# DATASET RECORDS
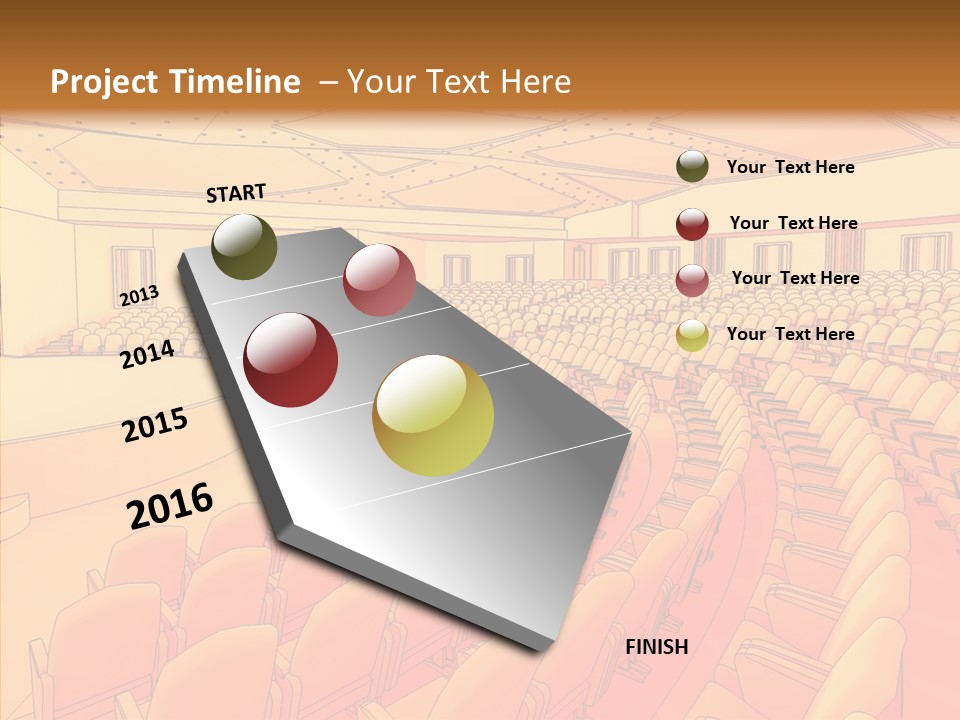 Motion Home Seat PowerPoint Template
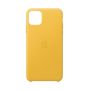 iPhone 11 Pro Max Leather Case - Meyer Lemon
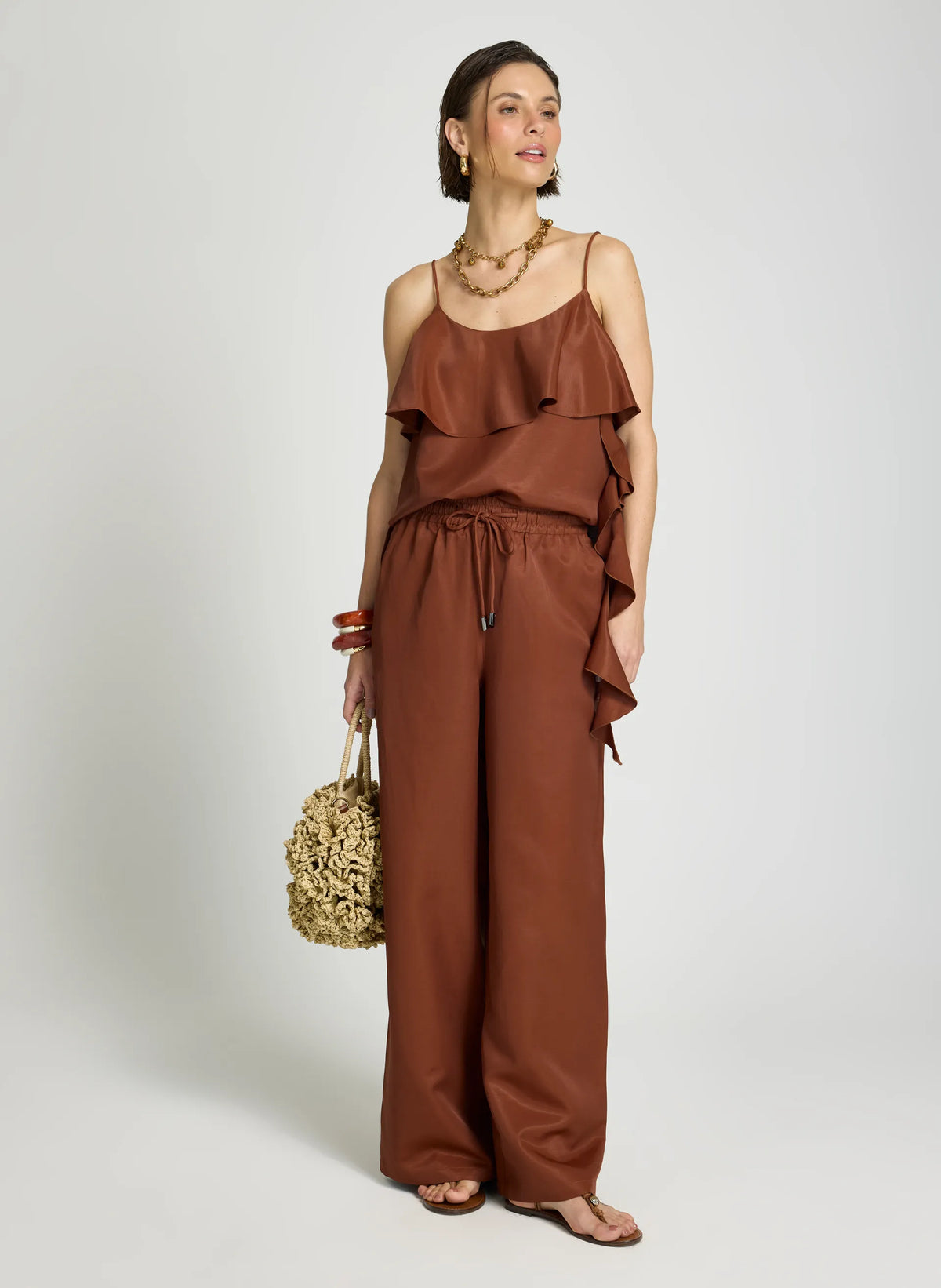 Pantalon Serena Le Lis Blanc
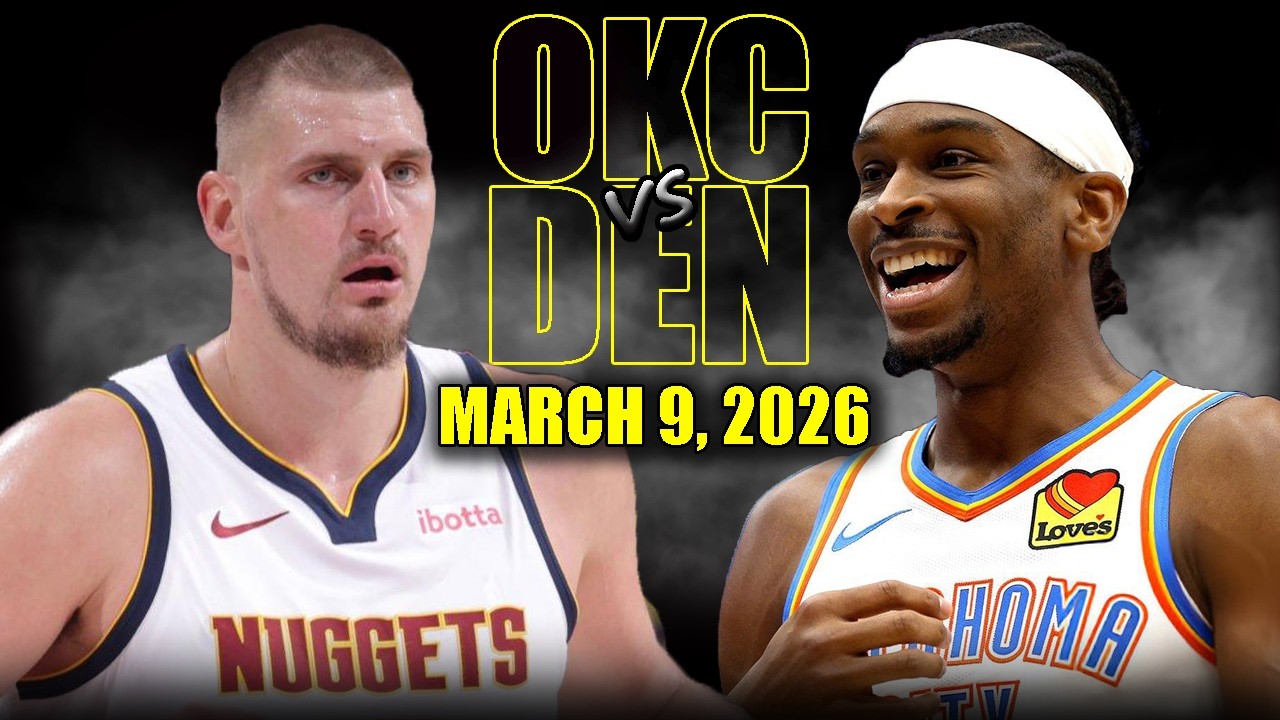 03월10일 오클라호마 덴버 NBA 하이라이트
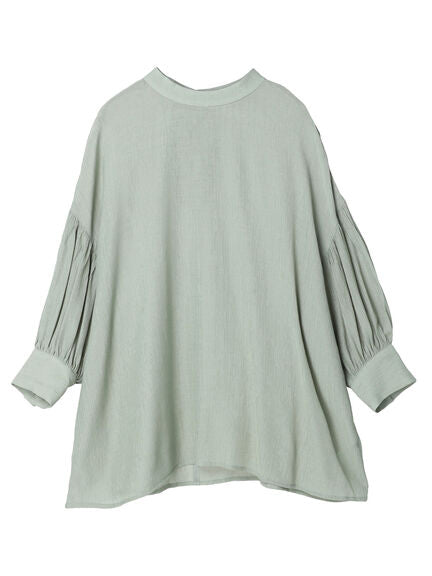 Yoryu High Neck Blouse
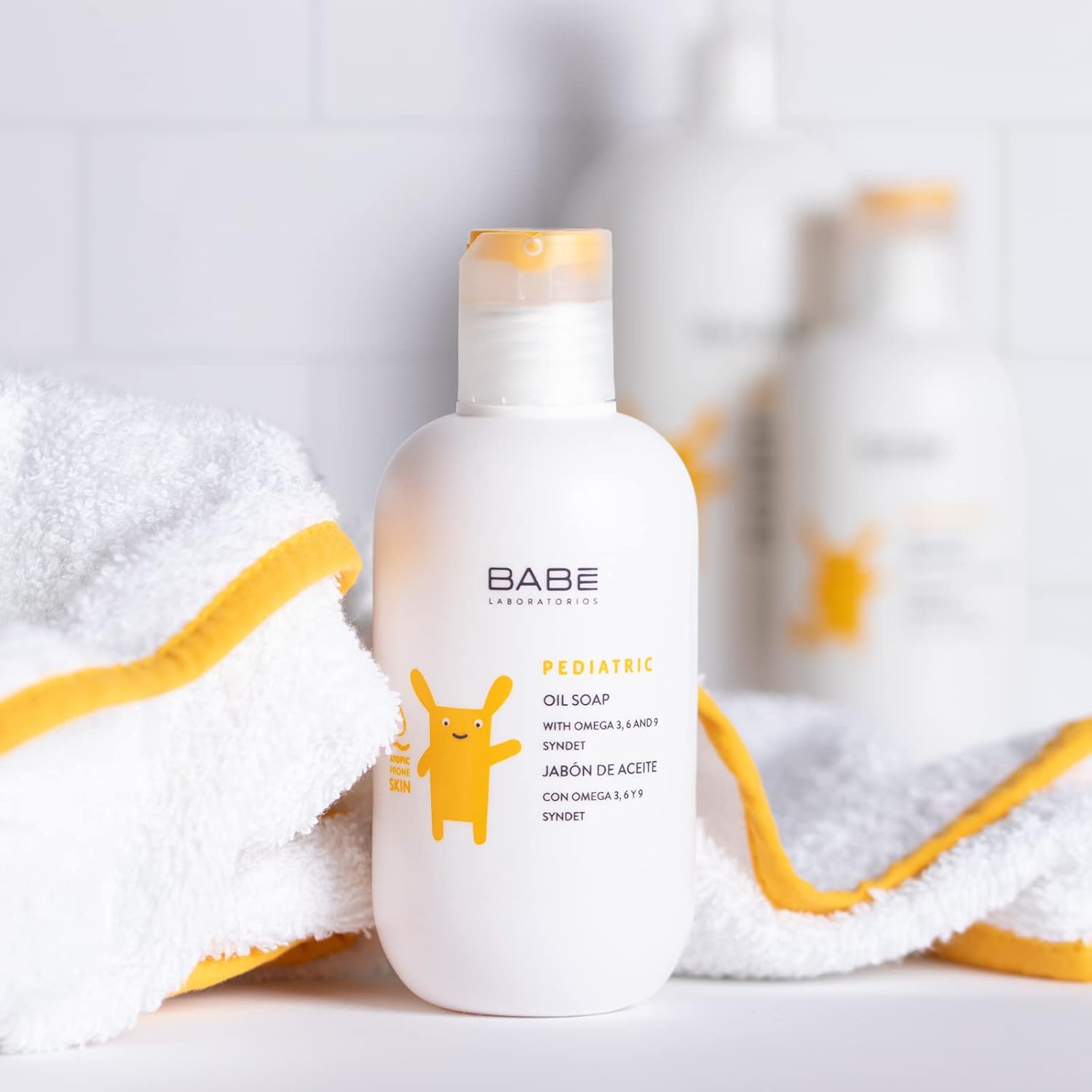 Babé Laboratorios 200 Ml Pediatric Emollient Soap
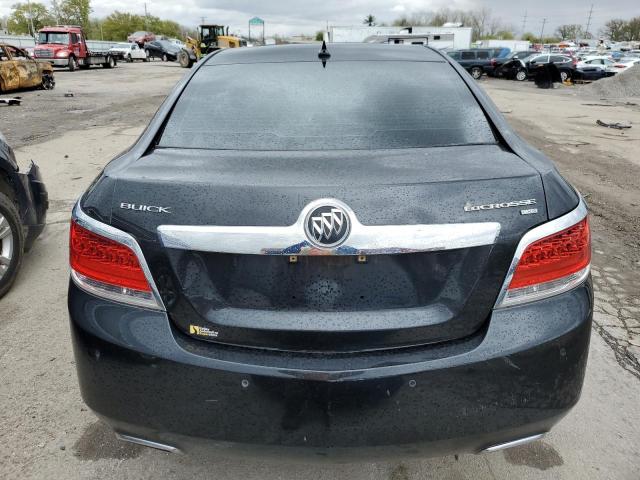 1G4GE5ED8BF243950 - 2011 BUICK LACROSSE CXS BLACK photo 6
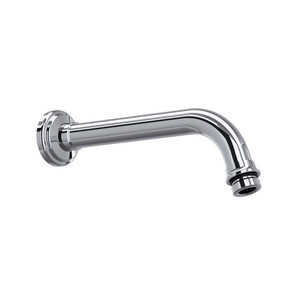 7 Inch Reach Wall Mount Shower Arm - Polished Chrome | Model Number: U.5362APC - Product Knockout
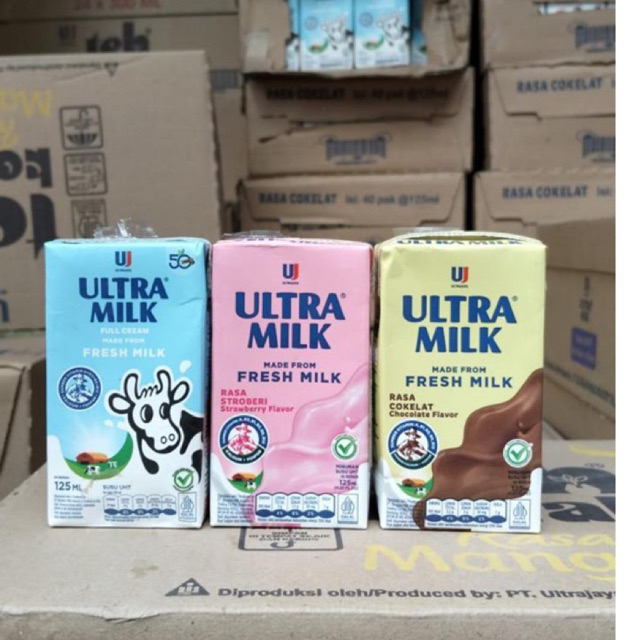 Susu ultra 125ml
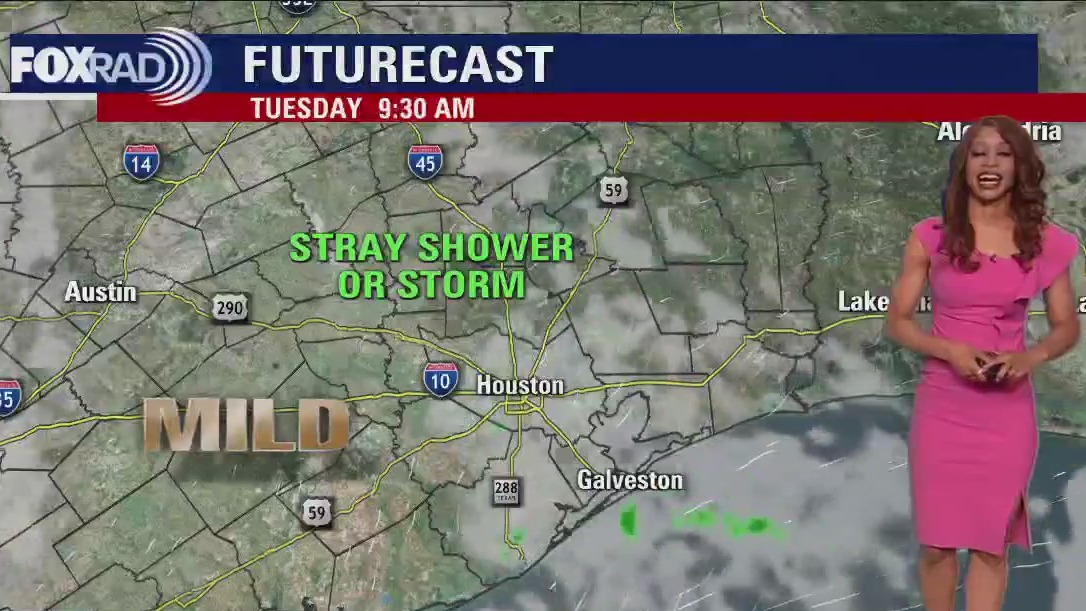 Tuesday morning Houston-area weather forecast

# EXERCISE INSTRUCTIONS
Leave the pictures aside. Set down exactly the lines from the one with "Pantalon Serena Le Lis Blanc" through the final line of the listing above.

# RESULT OF THE TASK
 Pantalon Serena Le Lis Blanc
 03월10일 오클라호마 덴버 NBA 하이라이트
 Yoryu High Neck Blouse
 Babé Laboratorios 200 Ml Pediatric Emollient Soap
 1G4GE5ED8BF243950 - 2011 BUICK LACROSSE CXS BLACK photo 6
 7 Inch Reach Wall Mount Shower Arm - Polished Chrome | Model Number: U.5362APC - Product Knockout
 Susu ultra 125ml
 Tuesday morning Houston-area weather forecast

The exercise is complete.